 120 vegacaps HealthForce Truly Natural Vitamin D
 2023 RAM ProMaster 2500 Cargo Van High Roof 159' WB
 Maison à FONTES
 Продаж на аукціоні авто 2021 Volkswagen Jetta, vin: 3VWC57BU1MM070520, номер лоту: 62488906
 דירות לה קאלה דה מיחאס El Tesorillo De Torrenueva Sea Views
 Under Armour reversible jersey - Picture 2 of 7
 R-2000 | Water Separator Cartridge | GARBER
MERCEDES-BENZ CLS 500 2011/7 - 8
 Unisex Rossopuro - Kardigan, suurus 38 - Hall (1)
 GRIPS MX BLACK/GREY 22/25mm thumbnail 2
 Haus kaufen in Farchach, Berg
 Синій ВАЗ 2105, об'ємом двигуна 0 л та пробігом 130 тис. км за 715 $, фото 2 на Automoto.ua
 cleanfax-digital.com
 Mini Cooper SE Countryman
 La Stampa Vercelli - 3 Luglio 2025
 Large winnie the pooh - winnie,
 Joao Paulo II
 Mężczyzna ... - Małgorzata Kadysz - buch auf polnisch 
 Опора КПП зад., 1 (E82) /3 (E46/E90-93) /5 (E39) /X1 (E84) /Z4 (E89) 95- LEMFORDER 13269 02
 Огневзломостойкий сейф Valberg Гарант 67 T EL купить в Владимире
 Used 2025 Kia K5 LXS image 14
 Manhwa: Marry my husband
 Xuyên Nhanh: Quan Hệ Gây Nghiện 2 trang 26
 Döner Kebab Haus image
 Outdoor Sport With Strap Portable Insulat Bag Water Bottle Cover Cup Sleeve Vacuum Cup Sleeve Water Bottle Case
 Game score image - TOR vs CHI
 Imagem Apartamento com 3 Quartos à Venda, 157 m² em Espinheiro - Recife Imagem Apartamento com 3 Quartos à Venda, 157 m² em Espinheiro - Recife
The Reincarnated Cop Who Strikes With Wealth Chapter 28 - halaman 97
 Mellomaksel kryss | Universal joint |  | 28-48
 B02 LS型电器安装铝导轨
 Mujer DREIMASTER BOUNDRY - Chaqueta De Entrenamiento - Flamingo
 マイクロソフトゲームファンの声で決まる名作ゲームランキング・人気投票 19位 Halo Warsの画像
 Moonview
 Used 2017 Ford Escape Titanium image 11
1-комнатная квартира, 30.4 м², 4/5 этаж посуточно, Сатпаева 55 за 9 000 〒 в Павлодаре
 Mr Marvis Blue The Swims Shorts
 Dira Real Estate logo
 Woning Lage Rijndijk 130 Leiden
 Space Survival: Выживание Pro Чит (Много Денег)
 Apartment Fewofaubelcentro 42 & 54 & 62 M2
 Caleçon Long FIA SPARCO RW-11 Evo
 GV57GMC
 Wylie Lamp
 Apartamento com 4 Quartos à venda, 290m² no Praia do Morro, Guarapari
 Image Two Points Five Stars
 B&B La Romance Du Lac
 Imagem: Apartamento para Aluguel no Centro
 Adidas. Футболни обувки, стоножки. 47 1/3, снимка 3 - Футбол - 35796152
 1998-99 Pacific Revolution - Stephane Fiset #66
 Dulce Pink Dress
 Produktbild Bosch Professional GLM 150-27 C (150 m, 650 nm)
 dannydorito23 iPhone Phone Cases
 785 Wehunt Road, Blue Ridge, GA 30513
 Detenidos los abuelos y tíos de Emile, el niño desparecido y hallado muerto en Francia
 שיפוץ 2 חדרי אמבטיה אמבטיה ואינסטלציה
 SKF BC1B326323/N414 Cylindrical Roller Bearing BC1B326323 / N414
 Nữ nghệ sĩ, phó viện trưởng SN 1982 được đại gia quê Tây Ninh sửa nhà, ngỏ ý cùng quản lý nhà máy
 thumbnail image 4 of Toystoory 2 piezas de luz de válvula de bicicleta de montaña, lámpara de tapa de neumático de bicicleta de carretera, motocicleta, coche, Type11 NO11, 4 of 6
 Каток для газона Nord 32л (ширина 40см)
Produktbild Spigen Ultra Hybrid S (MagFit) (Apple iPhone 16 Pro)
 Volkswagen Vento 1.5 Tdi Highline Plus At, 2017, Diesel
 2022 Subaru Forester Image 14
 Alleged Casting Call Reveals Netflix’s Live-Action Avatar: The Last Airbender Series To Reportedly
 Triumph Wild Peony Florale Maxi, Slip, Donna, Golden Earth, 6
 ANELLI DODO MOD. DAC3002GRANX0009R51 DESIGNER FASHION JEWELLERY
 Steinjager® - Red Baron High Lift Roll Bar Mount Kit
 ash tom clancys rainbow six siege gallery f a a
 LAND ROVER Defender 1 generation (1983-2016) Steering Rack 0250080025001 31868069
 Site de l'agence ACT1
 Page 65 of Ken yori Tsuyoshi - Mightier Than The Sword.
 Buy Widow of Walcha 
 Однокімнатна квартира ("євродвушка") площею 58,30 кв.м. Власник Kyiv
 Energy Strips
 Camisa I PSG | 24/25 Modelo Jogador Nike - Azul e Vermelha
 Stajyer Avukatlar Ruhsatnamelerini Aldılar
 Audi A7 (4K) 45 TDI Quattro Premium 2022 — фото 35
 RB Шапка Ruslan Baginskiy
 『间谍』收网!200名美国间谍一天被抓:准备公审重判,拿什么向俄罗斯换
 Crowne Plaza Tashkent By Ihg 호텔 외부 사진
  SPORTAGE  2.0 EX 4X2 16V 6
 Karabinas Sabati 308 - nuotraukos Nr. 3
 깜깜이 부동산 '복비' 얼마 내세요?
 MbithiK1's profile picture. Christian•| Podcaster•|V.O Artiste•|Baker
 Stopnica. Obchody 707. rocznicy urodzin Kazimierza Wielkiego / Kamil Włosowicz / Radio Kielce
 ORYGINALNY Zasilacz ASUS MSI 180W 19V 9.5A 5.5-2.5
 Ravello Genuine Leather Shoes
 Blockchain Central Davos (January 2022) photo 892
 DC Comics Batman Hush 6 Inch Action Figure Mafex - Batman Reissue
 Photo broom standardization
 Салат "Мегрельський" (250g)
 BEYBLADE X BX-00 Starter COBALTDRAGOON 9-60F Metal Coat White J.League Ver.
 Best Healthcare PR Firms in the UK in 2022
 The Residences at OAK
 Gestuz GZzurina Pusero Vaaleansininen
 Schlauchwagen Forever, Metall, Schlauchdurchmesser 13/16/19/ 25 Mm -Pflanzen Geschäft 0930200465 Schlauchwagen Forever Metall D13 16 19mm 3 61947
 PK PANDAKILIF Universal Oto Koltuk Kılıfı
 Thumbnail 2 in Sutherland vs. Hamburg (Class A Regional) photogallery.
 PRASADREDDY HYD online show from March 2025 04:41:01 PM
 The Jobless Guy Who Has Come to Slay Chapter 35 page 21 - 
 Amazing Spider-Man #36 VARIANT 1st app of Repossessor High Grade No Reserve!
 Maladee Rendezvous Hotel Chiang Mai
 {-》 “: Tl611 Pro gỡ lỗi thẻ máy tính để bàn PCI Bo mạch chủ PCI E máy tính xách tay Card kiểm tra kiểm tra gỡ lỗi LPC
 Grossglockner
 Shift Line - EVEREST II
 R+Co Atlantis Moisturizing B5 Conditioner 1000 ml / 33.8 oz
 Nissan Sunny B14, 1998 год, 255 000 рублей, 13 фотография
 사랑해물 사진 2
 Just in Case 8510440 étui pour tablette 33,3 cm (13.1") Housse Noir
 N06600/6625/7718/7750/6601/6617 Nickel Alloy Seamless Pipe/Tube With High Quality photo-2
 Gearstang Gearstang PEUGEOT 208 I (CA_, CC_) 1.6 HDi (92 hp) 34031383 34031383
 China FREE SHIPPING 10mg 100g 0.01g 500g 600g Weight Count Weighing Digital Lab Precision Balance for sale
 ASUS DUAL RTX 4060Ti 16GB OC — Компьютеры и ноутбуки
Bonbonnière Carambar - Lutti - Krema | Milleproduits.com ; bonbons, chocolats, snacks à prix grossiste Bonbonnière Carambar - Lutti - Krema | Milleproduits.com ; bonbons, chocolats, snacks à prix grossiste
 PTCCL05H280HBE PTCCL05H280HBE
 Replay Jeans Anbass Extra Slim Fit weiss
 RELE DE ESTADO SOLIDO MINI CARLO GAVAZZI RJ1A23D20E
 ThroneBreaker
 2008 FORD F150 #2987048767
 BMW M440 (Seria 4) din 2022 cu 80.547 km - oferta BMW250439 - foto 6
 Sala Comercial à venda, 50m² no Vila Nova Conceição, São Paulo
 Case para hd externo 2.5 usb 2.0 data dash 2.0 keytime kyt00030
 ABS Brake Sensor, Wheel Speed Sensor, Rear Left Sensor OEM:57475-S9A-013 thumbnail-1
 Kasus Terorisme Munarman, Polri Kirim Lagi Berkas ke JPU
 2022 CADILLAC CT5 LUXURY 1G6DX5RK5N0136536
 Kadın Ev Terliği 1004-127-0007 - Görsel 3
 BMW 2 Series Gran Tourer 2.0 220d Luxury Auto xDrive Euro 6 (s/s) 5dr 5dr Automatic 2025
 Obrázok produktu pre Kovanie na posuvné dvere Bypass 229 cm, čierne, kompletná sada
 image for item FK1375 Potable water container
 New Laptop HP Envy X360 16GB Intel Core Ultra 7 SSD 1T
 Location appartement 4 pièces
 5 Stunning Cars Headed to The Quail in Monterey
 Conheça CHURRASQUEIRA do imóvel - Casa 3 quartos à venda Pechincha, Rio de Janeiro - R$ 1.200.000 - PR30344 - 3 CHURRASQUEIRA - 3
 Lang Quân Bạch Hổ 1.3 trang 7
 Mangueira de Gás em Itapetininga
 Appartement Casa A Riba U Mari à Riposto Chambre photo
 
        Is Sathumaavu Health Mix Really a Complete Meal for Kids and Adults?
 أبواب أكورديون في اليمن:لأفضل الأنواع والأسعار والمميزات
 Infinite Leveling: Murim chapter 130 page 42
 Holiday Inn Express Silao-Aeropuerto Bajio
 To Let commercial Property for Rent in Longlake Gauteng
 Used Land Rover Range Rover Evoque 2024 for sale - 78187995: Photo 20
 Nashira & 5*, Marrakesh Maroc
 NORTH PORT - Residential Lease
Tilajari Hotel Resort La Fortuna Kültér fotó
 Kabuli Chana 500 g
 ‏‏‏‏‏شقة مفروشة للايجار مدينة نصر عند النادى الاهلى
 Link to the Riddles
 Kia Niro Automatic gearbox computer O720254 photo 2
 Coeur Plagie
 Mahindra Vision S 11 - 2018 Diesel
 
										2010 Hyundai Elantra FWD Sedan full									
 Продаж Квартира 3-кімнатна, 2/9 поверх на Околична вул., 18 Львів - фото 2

_Brief_
When the word "Automatic" shows up in a line of the entries, report that line.

_Response to the exercise_
 BMW 2 Series Gran Tourer 2.0 220d Luxury Auto xDrive Euro 6 (s/s) 5dr 5dr Automatic 2025
 Kia Niro Automatic gearbox computer O720254 photo 2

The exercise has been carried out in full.